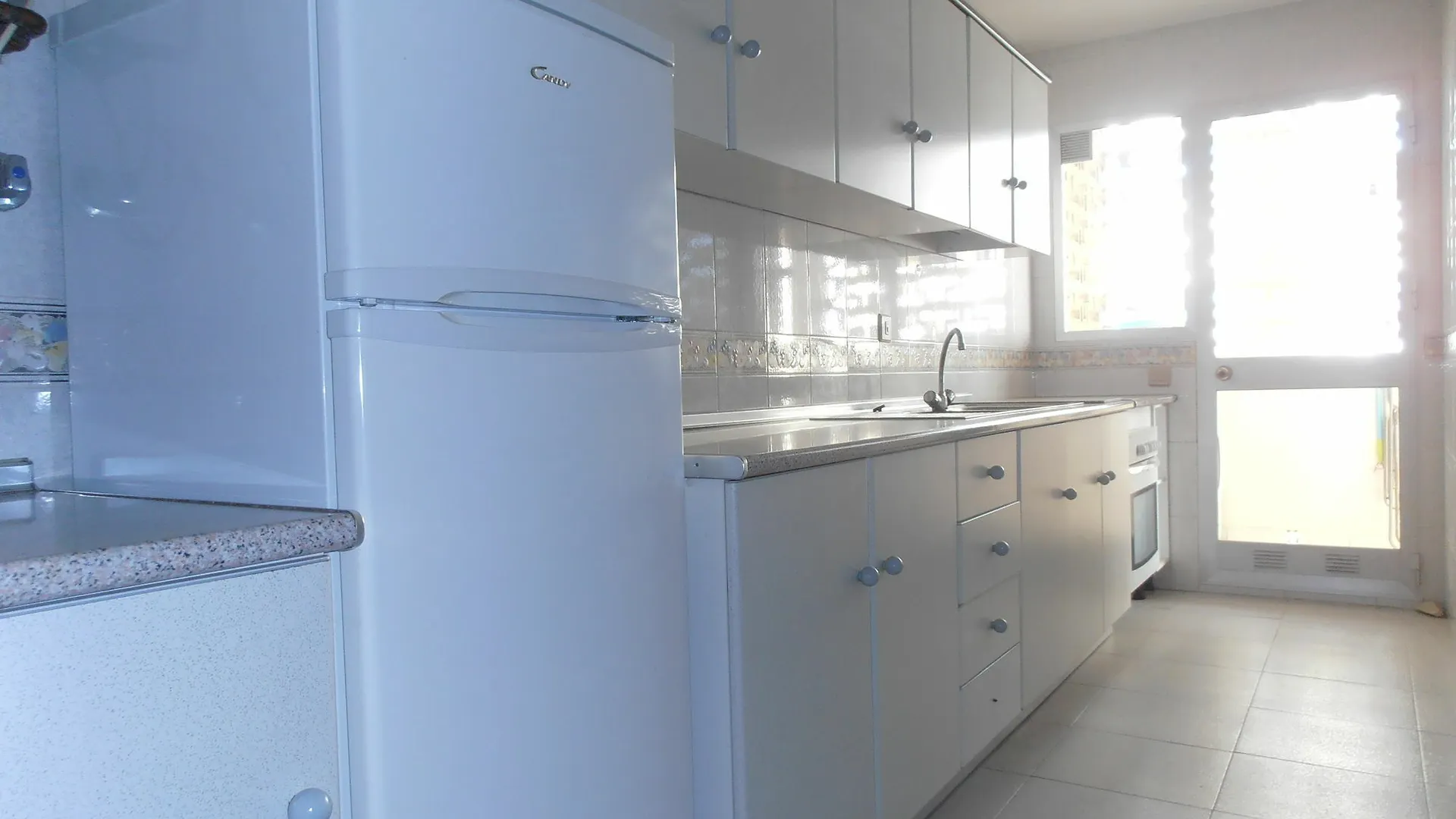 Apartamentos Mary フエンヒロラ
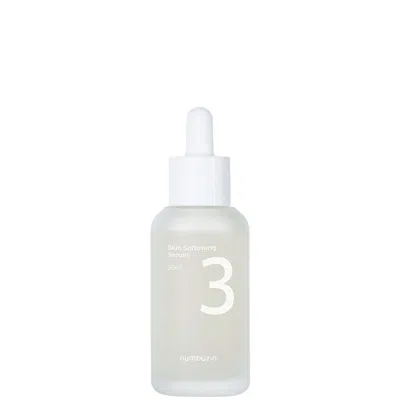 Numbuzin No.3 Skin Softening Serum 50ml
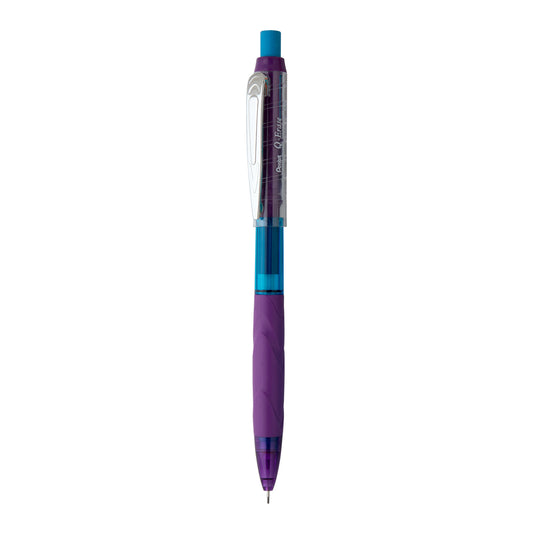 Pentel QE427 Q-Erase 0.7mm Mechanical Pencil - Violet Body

============

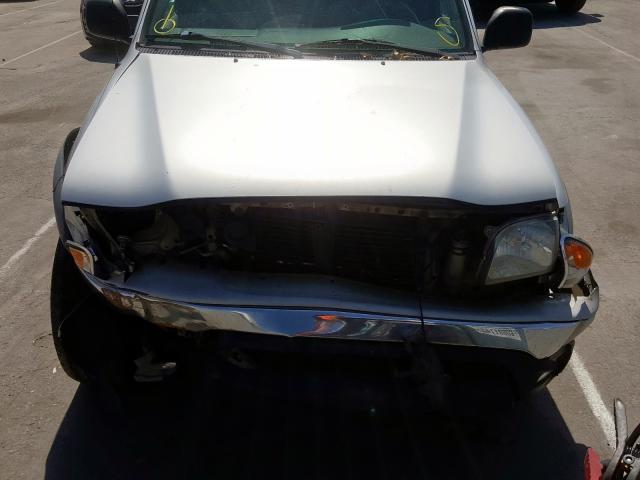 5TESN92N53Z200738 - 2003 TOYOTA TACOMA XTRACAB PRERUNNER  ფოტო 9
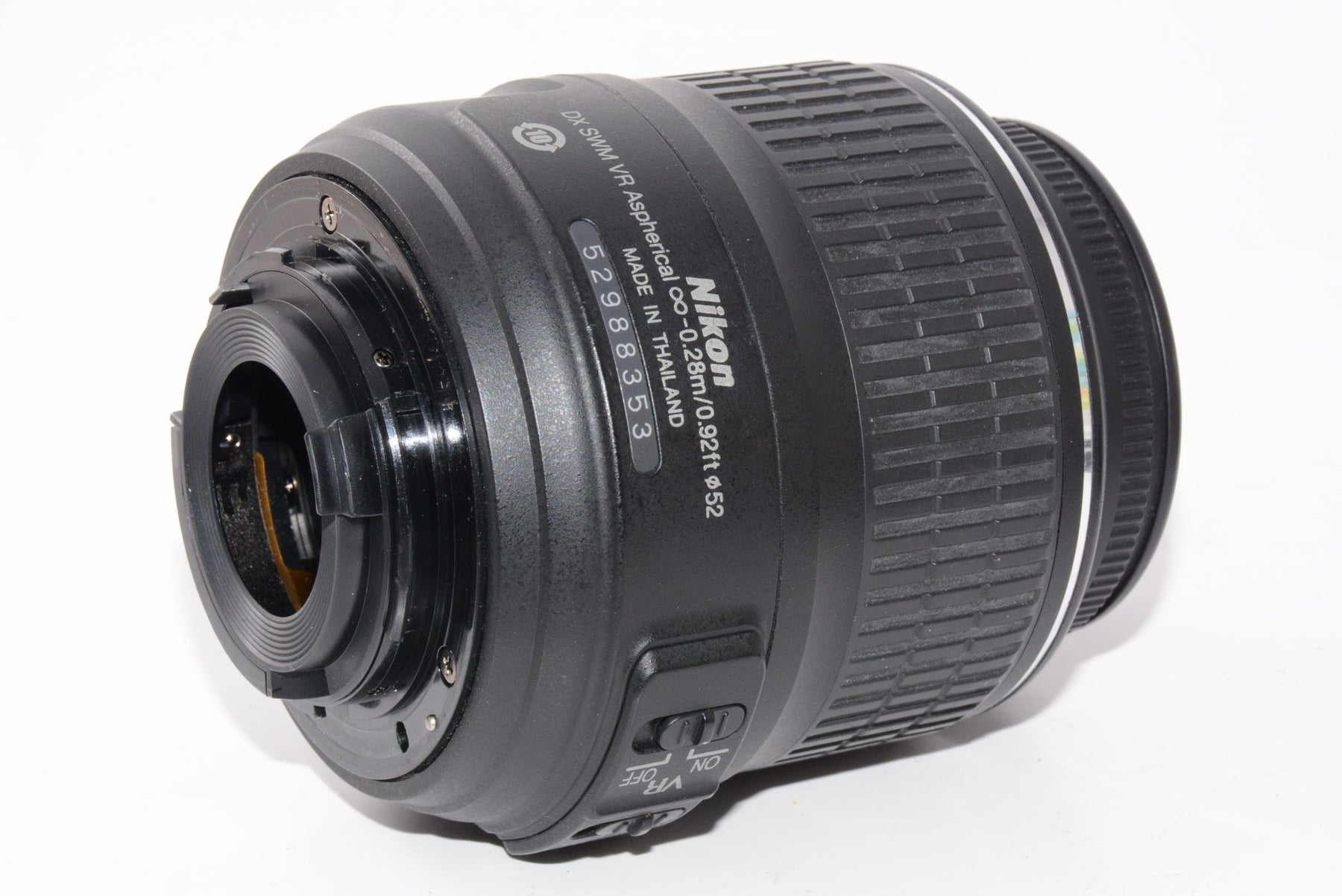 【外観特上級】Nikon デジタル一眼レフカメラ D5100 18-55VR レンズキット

============

Requirement> Text only, no pictures: please print exactly the lines above from the line with "Numbuzin No.3 Skin Softening Serum 50ml" up to and including the line with "Pentel QE427 Q-Erase", and nothing else.

Result>
 Numbuzin No.3 Skin Softening Serum 50ml
 Pentel QE427 Q-Erase 0.7mm Mechanical Pencil - Violet Body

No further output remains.